Monday, January 28, 2008

haploid in the moment, proceed with caution

Sometimes I forget that life is pretty awesome and eternal and beautiful. Sometimes I get cold and frustrated and hungry. Sometimes I just really want to take a steaming hot shower, but something outside of my control prevents the instant gratification. Sometimes when my mom tells me about what is really happening in our lives, our familial financial state, the varying degrees of healthcare my outer relatives are receiving, the state of the economy and my place in it; when she tells me that I would rather just nod and make small noises of comprehension than actually realize what thin ice it is that i've been skating. I like to think that I am in control of my place in this whole thing. But the stubborn alternative high school student never knew a goddamn thing.   I liked to think that i had the ability to debate the middle aged patrons of Bob Evan's with enough knowledge and grace to keep them coming back for more. But really, they saw through my bluff. And now, looking back, I realize what it was that I was lacking. Why I was never fully involved in the relevant discussion. I lacked passion. And to some degree I think I still do. I mean. I get overexcited or angry or really happy. But these are all fleeting emotions that can change momentarily. Never have I experienced an enduring passion, a need to know more, want more, touch more, get more. I envy Rachel because of her ability to engage a new topic so intensely that she is unable to concentrate on anything else. While I see the crippling effects of both extremes, I wish that I could just find something in the middle. 

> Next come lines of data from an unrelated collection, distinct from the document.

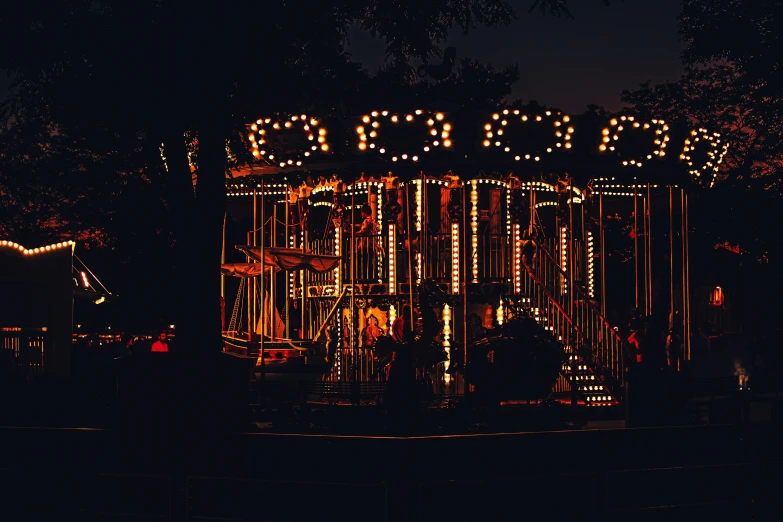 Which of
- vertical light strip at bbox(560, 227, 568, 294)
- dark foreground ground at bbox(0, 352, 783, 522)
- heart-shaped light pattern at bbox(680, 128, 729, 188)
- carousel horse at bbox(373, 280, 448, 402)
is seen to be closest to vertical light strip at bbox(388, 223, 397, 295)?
carousel horse at bbox(373, 280, 448, 402)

I was thinking about Taylor a lot last night. I can't remember what her voice sounded like, or even the vocabulary she used. Every attempt at auditory recall comes out sounding squeaky and awkward. I remember exactly what she looks like. But i can't really remember details of the things we did together. But I do remember that when Taylor was my best friend, I was a passionate person. I was obsessed with music and knowing everything I could possibly find on the internet about certain bands. I loved school and applied myself heavily. Taylor and I used to talk for hours upon hours about our views of eternal life, or religion, or who if we would marry if we were forced to at the moment. Just days before she died, we even discussed what we would say to each other upon the effect of our dying. We loved each other so much that we promised, if it came down to it and one of us went, the other would kill themselves to join. But when it came down to it, I even lost my passion for that. I barely visited her grave, I took her pictures down from my walls. I curled up into a ball and never came out again. 
And I believe that I am still encapsulated somewhere in the moments after her death. I have yet to escape that abandonment. I am still standing on the railroad tracks with a bottle full of pills. 

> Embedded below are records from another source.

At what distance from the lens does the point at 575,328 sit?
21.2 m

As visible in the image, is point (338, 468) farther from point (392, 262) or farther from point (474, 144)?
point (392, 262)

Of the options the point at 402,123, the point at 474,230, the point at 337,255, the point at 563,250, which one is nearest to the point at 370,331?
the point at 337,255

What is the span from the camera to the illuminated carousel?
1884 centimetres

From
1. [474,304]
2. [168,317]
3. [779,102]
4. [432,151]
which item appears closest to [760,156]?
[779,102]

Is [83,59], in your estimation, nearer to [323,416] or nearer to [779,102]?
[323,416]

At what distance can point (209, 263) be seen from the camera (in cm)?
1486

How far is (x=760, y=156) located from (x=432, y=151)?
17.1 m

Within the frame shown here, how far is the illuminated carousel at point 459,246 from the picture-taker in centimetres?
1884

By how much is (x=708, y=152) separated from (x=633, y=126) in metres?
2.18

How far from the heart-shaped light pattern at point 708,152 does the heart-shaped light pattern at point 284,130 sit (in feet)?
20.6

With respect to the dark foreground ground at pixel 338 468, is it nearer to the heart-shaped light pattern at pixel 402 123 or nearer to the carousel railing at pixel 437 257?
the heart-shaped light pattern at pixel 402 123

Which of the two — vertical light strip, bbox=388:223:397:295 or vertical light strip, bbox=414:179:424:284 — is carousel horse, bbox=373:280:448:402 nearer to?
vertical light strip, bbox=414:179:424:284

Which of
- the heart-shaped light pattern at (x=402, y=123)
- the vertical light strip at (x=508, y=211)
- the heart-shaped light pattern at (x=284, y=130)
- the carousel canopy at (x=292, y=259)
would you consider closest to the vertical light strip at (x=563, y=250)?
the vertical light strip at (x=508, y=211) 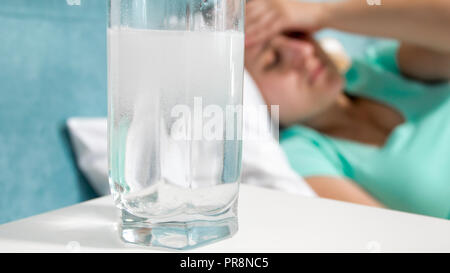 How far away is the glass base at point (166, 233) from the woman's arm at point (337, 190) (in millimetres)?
475

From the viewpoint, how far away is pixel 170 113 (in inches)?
13.9

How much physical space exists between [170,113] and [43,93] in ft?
0.87

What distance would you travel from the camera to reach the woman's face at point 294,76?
0.95m

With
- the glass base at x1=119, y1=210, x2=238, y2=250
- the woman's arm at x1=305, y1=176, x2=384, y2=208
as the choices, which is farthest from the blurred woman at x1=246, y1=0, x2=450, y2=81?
the glass base at x1=119, y1=210, x2=238, y2=250

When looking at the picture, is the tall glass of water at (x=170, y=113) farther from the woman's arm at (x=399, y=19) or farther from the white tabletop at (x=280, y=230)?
the woman's arm at (x=399, y=19)

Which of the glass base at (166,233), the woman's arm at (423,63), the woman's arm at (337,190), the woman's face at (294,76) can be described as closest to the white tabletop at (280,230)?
the glass base at (166,233)

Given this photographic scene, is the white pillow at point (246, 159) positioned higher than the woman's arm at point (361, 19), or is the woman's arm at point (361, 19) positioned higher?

Sorry about the melancholy. Our friend Josh Ward overdosed 2 years ago today. Funny thing about people dying in Warsaw, It always seems to land on the 28th. I think there are three different people who died within 2 years of each other on the 28th of some month. I guess today is a good day to die. 
I'm not really depressed though. Just disenchanted. A little nostalgic, and a whole lot of lost. 
Sometimes I just need to talk about Taylor. Because I really think she was the last good thing I ever saw.